In Japan, the surname comes first. When a woman gets married — and yes, this is an issue that mainly affects women — she generally must change her name. Passports, credit cards and even formal introductions all need to change, too.
This isn’t a situation that only happens in this country, but Japan is the only nation that forces a couple to choose one joint surname, an idea that was reinforced on June 23 when the Supreme Court upheld a 2015 ruling that married couples must share a name.
More than a few members of Japan’s ruling Liberal Democratic Party take a conservative view on the topic, arguing that different surnames could negatively impact family unity and, in turn, children. The LDP is divided, however, with some members in favor of choice. Meanwhile, other political parties, such as the Constitutional Democratic Party of Japan, call the decision “outdated.”
“This is unbelievable,” tweeted feminist Chizuko Ueno. “More people would get married if they could choose their own surnames. Who’s really breaking up the family?”
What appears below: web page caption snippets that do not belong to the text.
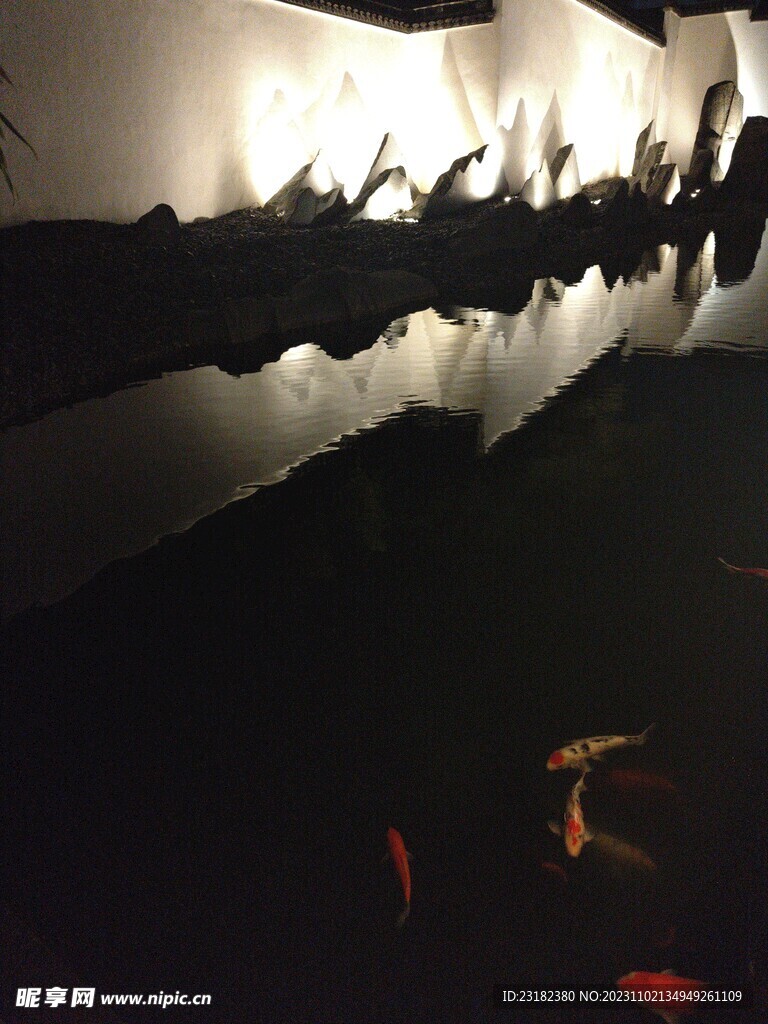 苏州博物馆 锦鲤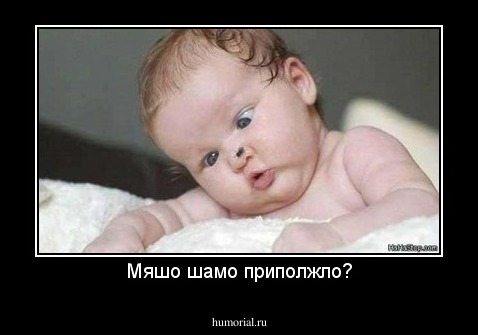 Мяшо шамо приполжло?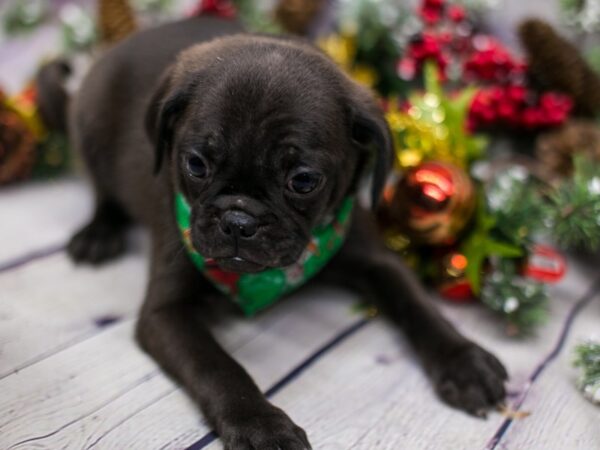 Mini Pug DOG Male Black Seal 15715 Petland Wichita, Kansas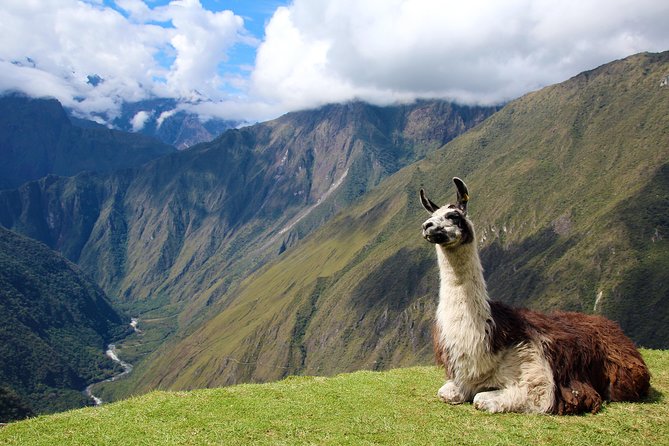 4 Day - Inca Trail to Machu Picchu - Group Service - Food, camps, porters, and the human side of the trek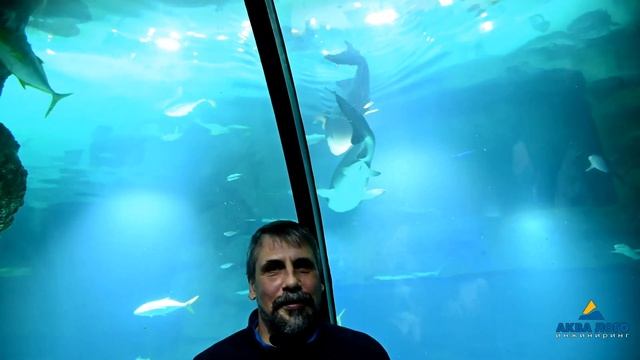 Андрей Телегин о работе в океанариуме Москвариум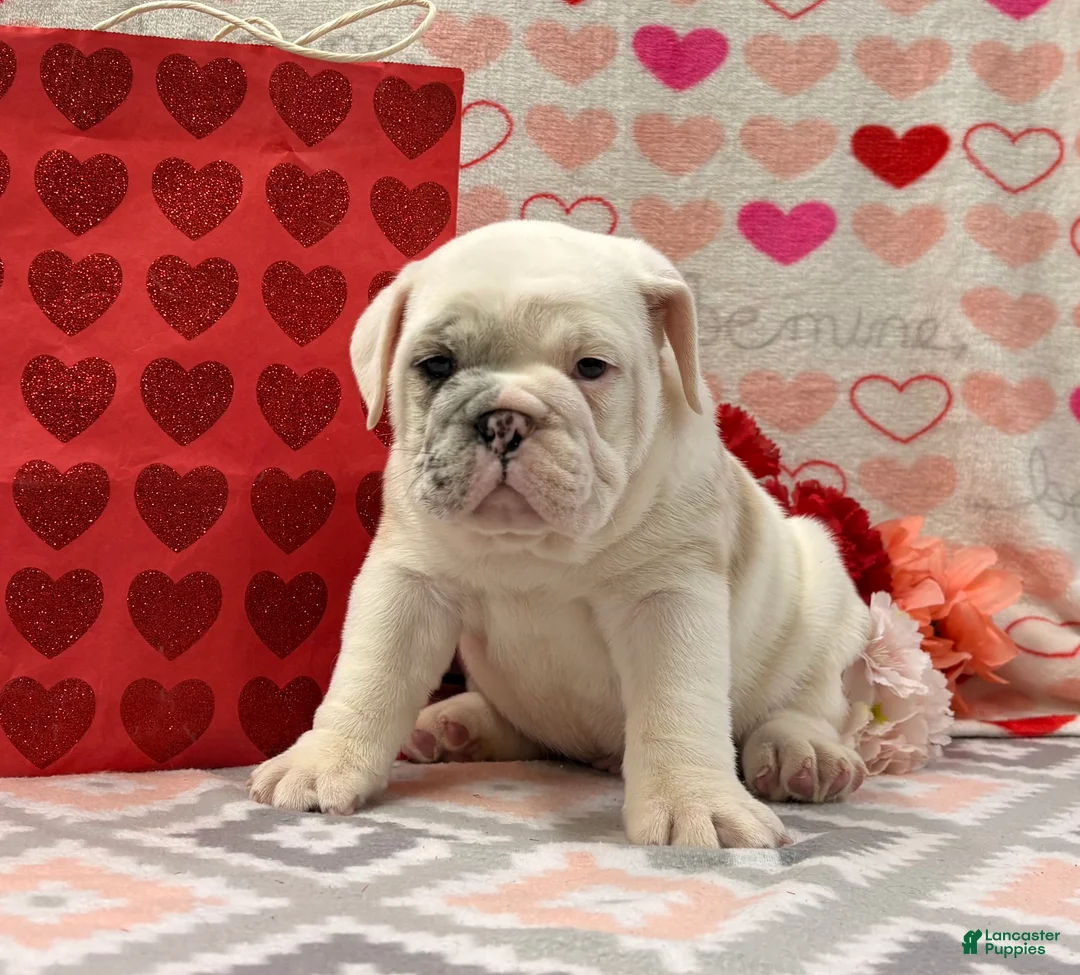 English Bulldog dogs for sale: Stanton - Ad 1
Ueno might be onto something. Model Saya Makino touched on the topic of surnames in an interview with fashion magazine Very in August of last year. The publication is geared toward young working mothers struggling to balance their personal and professional lives.
In the interview, she spoke about how she was expected to do the bulk of the housework and child care (she has three children) as her husband of 11 years was the primary wage earner in the marriage.
“I’m ready to move on to a new form of family,” she told Very. “I really like my husband and appreciate him, but I no longer want to use his surname. I think our family is ready for a freer way of thinking and to view me, the mother, as a person and an individual.”
To this end, Makino said she was preparing to make the switch from a “legal marriage” to a “de facto marriage,” which means filing for divorce and reclaiming her old surname (which she is still in the process of doing).
“My children and husband are on board with this,” she said. “We will all continue to live together, but fulfilling the traditional roles of mother and homemaker besides working full time, and assuming my husband’s surname, is no longer viable.”
Attorney and former TV newscaster Yukino Kikuma also alluded to this idea of identity when it came to having to change her name after getting married in her 40s. She told the Asahi Shimbun that she experienced a sense of panic when her original name disappeared from all legal and official documents.
“The only place where I got to keep my name was my business card,” she said. “In the eyes of Japanese law, a person called Yukino Kikuma was ceasing to exist. It was pretty scary.”
Makino and Kikuma aren’t alone. The Nihon Keizai Shimbun reports that when it conducted a survey on surnames six years ago, more than 50% of respondents were in favor of the current system. In a survey conducted by Nikkei in late March, however, the tables had been turned: Sixty-seven percent said that people should have the option to change or keep their surnames upon marriage. Notably, the younger the respondent, the more likely they were to cast a ballot for optional surnames. A whopping 84% of those between 18 and 39 voted for optional surnames, while that number dwindled to 55% for people 60 years and older.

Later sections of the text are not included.